Jimi Hendrix a laissé un corpus d'enregistrements incroyable pour une carrière qui ne dura que cinq ans. Depuis sa disparition à l'âge de 27 ans, quantité de guitaristes l'ont imité ou s'en sont inspirés sans ne jamais l'égaler, même si quelques musiciens se sont risqués à arranger son répertoire dans des orchestrations inhabituelles. Je me souviens, par exemple, avec délectation du Purple Haze du Kronos String Quartet en 1985 ou de If 6 was 9 par Denis Colin et les Arpenteurs en 2002. Quarante-trois ans après la disparition d'un des plus grands musiciens du XXe siècle tous genres confondus, le Trio Journal Intime a enregistré Lips on Fire, un album qui lui rend hommage en prenant des libertés qui auraient probablement plu à cet expérimentateur de génie. On sait qu'avant de mourir il envisageait de travailler avec Gil Evans et Miles Davis, s'étant déjà rapproché des jazzmen, jouant avec Roland Kirk, Larry Young, John McLaughlin, Dave Holland...
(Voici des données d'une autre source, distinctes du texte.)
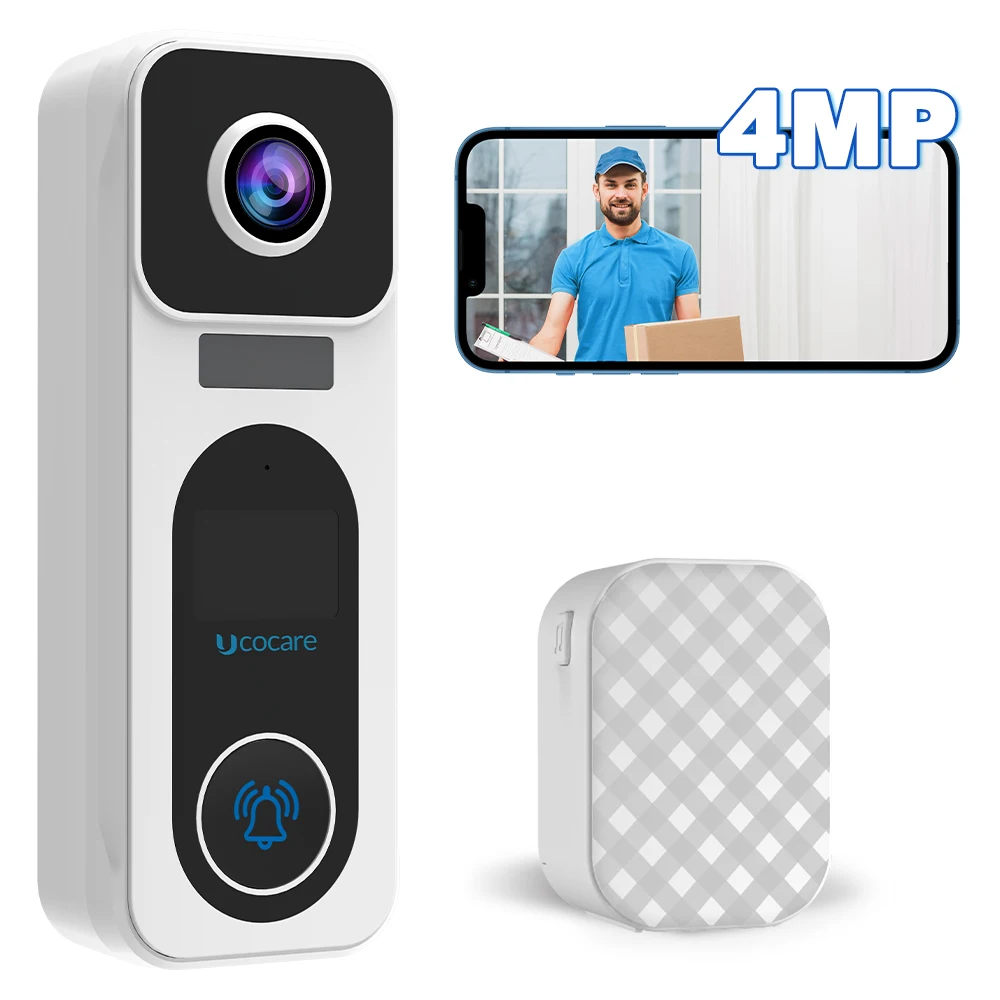 UCOCARE 4MP Wireless Vieo Doorbell With Chime Outdoor WiFi Doorbell Camera Human Detection Support Alexa IP67 Waterproof X6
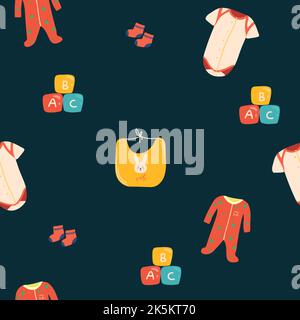 Collezione di icone di giocattoli per bambini, disegno a mano senza cuciture. Sfondo con articoli per bambini. Bambino giocattolo icona set vettore. Illustrazione decorativa, buona per Illustrazione Vettoriale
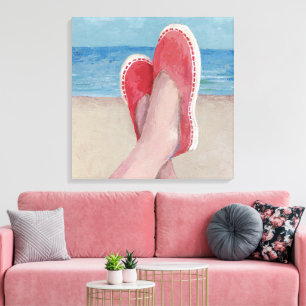 Beach Easy acrylic painting of espadrilles/shoes Canvas Print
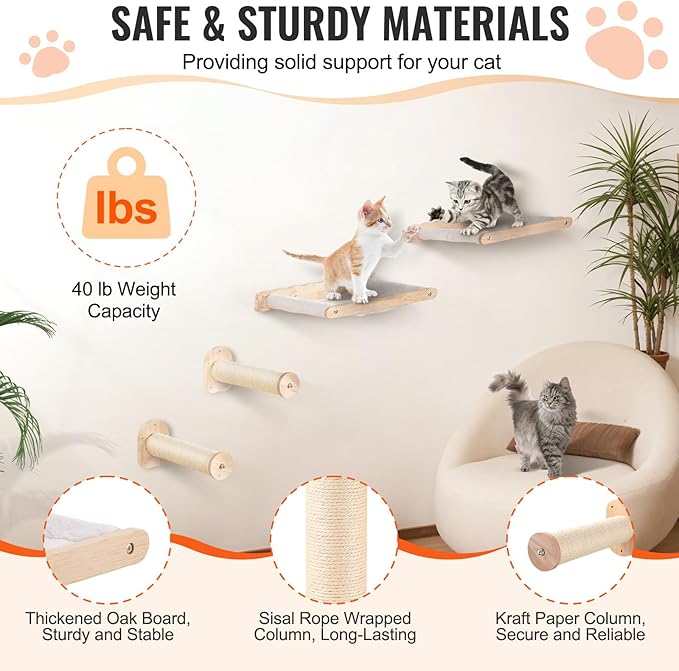 VEVOR Wall Mounted Cat Shelves, Perches with Jumping Posts & Hammocks, Cat Furniture Set up to 40 lbs, Removable & Washable Coral Fleece for Sleeping, Playing, Climbing, Set of 4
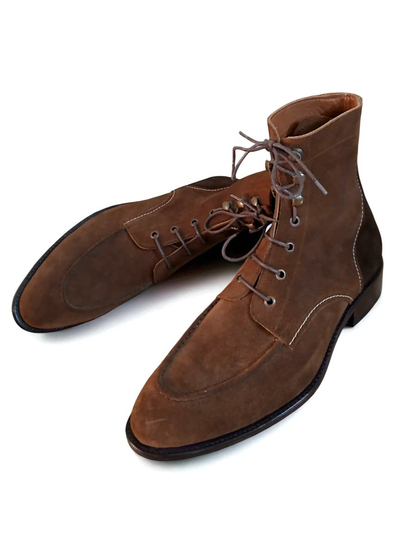 Crafted Leather Brown Suede Leather Ankle High Lace up Dress Boot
Sur l'album Lips on Fire le trio de souffleurs Journal Intime propose des versions renversantes, d'une étonnante invention, de Lover Man, If 6 was 9, Angel, Hey Baby, 1983... (A Mermaid I should Turn To Be), Villanova Junction et All Along The Watchtower, titre composé par Bob Dylan. Bien au delà de l'hommage qu'ils perpétuent avec des pièces de leur composition comme Foxy People, Viens!, Odysseus Praeludium, Lips on Fire, Little Blowing, le trompettiste Sylvain Bardiau, le trombone Matthias Mahler et le saxophoniste basse Frédéric Gastard s'approchent de l'essence-même de la musique d'Hendrix, distordant les harmonies par des effets de timbres, éructant, slapant, vrombissant et swinguant comme des fous. Pour le répertoire d'origine ils ont invité deux cautions rock, le percussionniste Denis Charolles et le chanteur-guitariste Rodolphe Burger qui s'en sortent très bien, le premier connu pour ses couleurs extravagantes, le second en mezzo-voce dramatique. Étonnamment je n'ai jamais retrouvé, ici ou ailleurs, le placement de la voix d'Hendrix, cri mixé légèrement en arrière, comme s'il accompagnait la guitare par son chant, contrairement à l'usage. Effet chewing-gum lysergique. En coda la ghost track convoque le mythe, fantôme magnétique qui continuera longtemps à hanter nos jours et nos nuits.
Lips on Fire est un album explosif, de mystérieux alliages de cuivres se fondant en une alchimie abrasive où le trio met le feu aux poudres en soufflant sur les braises.